The major reasons children join an armed group are an amalgamation of factors: poverty, perceived government neglect, membership and affiliation of family members in the armed group, victims of abuse, exploitation and injustice, subscription to a particular political ideology and secessionist promotion.
Children who serve as soldiers are deprived of their right to play and reject the idea of playing as an integral part of their growth and development due to sensitive vigilance and security considerations in camps.
As a signatory to the Convention on the Rights of the Child and its Optional Protocols, The Philippines has committed to eradicate the recruitment and engagement of children as combatants in conflict.
Even though it is also prohibited under two laws pertaining to child labour and abuse, the country has shown minimal progress in resolving the problem.
The Coalition to Stop the Use of Child Soldiers reported that up to one-fifth of Philippine Communist insurgents—an estimated 7,500 armed combatants—are under 18-years-old, while they made up 13 per cent of the 10,000-strong Moro Islamic Liberation Front.
The problem of child recruitment has long existed in the country. It not only requires government intervention, but also calls for immediate and strong, constructive engagement from various civil society organisations.

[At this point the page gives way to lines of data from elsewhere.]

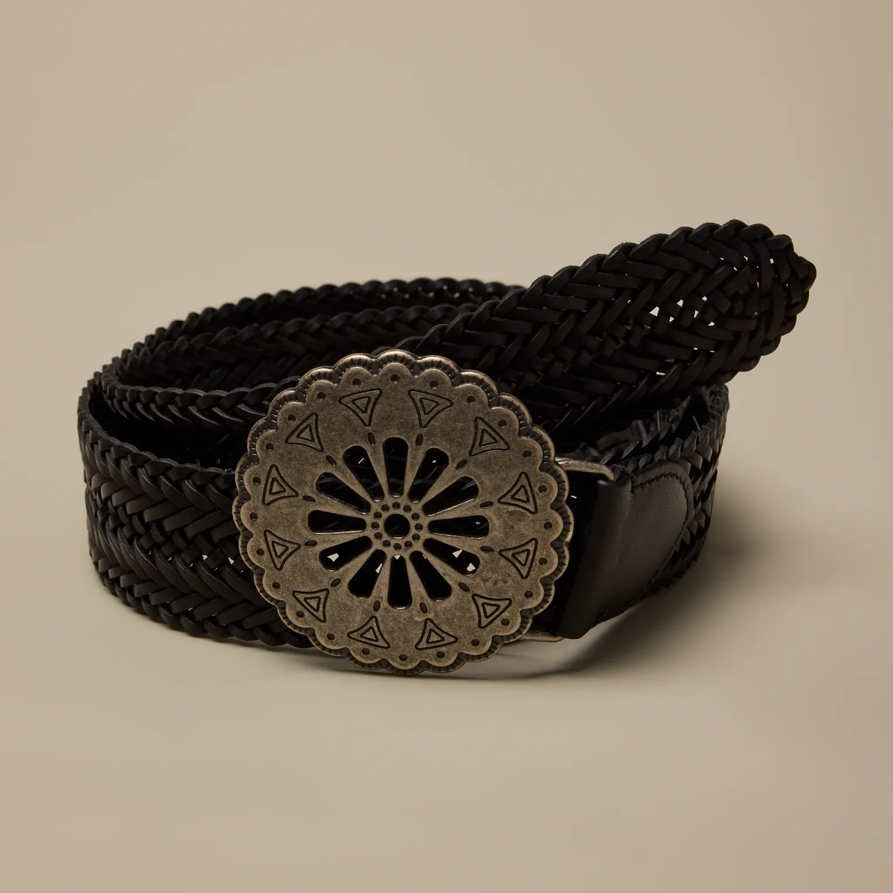 Lucky Brand Woven Concho Belt - Women's Accessories Belts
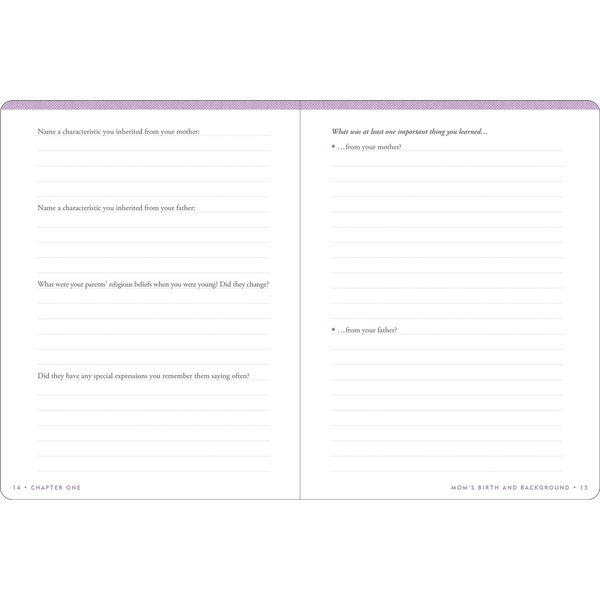 Keepsake Memory Journal - Mom's Story-Nook & Cranny Gift Store-2019 National Gift Store Of The Year-Ireland-Gift Shop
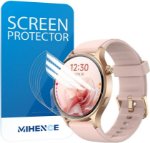 Fitpolo AR-01 smartwatch screen protector TPU film installed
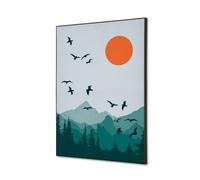 Décoration Murale en tissu SET A2 Soleil Et Oiseaux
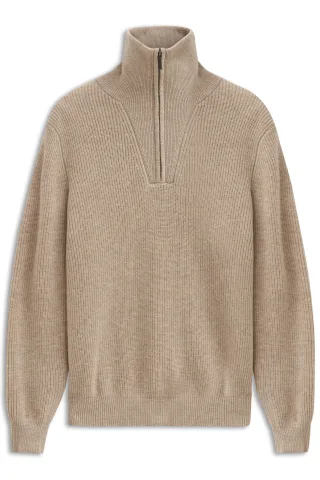 bugatti - Herren Pullover 1/1 Arm beige - Gr. - XXL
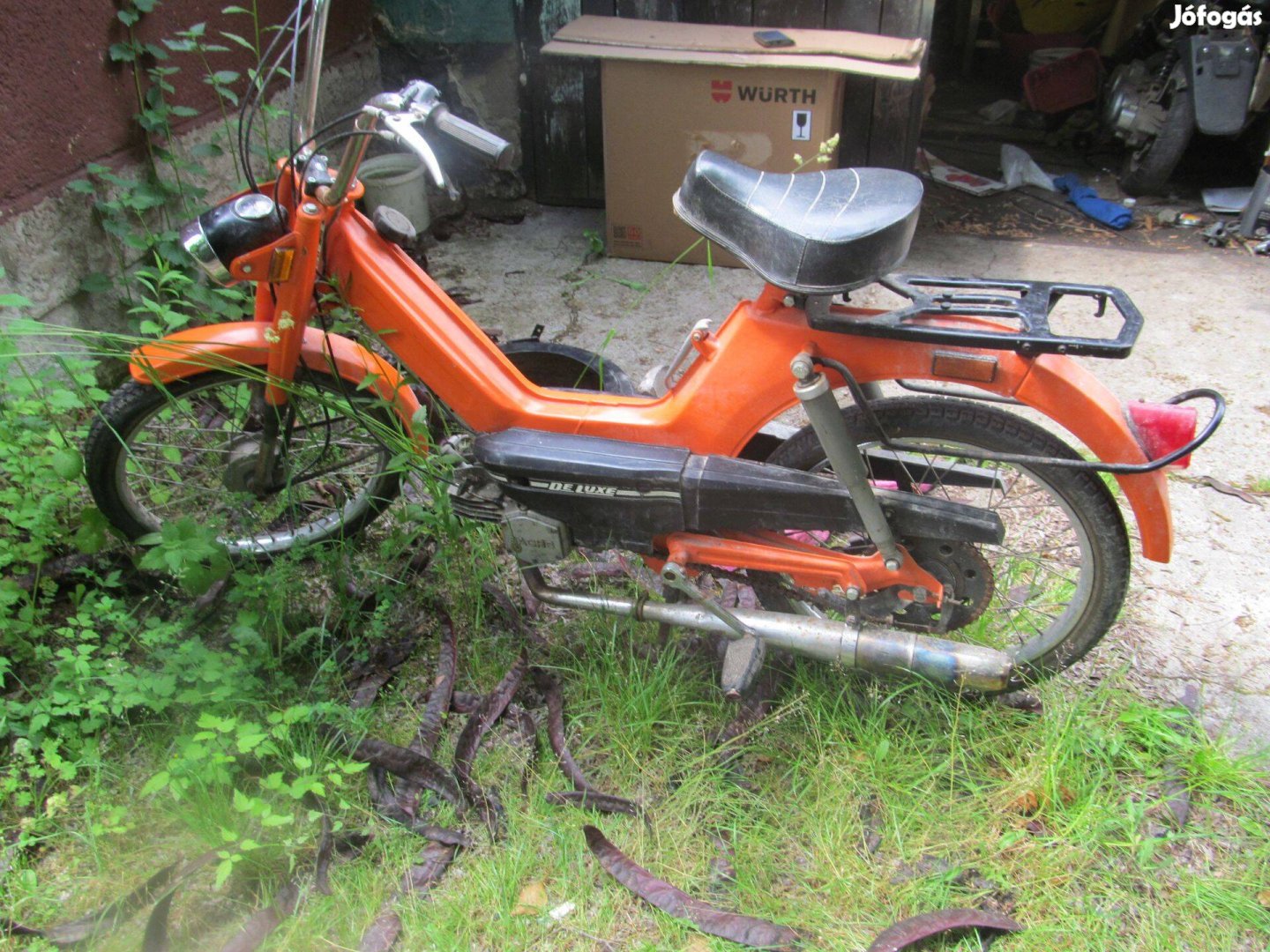 KTM Sachs robogó bontódik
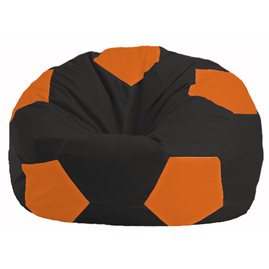 Кресло-мешок Мяч чёрный - оранжевый М 1.1-400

The reasons why children join armed groups reflect the lack of socio-economic intervention in depressed areas, pushing children to further the cause of insurgents.
The use of children to execute violence has been a way of convincing minorities to bear arms and carry out revolutionary aggression against government forces in order to legitimise causes using the narrative of poverty and social injustice. 
To stop the recruitment of children, counter-radicalisation programmes should be recognised and institutionalised. 
Singapore, for instance, has one of the most effective counter-radicalisation measures that adopts social resilience as a strategy for counter-terrorism.
Inter-Racial Confidence Circles and Harmony Circles for schools, workplaces and other organisations were introduced in 2001 after the Jemaah Islamiyah network was exposed.
It is important that The Philippines and its civil society recognise immediate responses to minimise potential expansion of insurgent and extremist groups that are using children as replacements to further the cause of terrorism.
Using children on the frontlines of combat carries two defining messages for Philippine society: upfront neglect of state responsibility to resolve and address the main reasons they join armed groups and the production of more conflict in the country. 
Children need not be armed and the only way to help them get rid of any potential involvement in terrorism is to provide needed social services, such as education and opportunities for holistic development.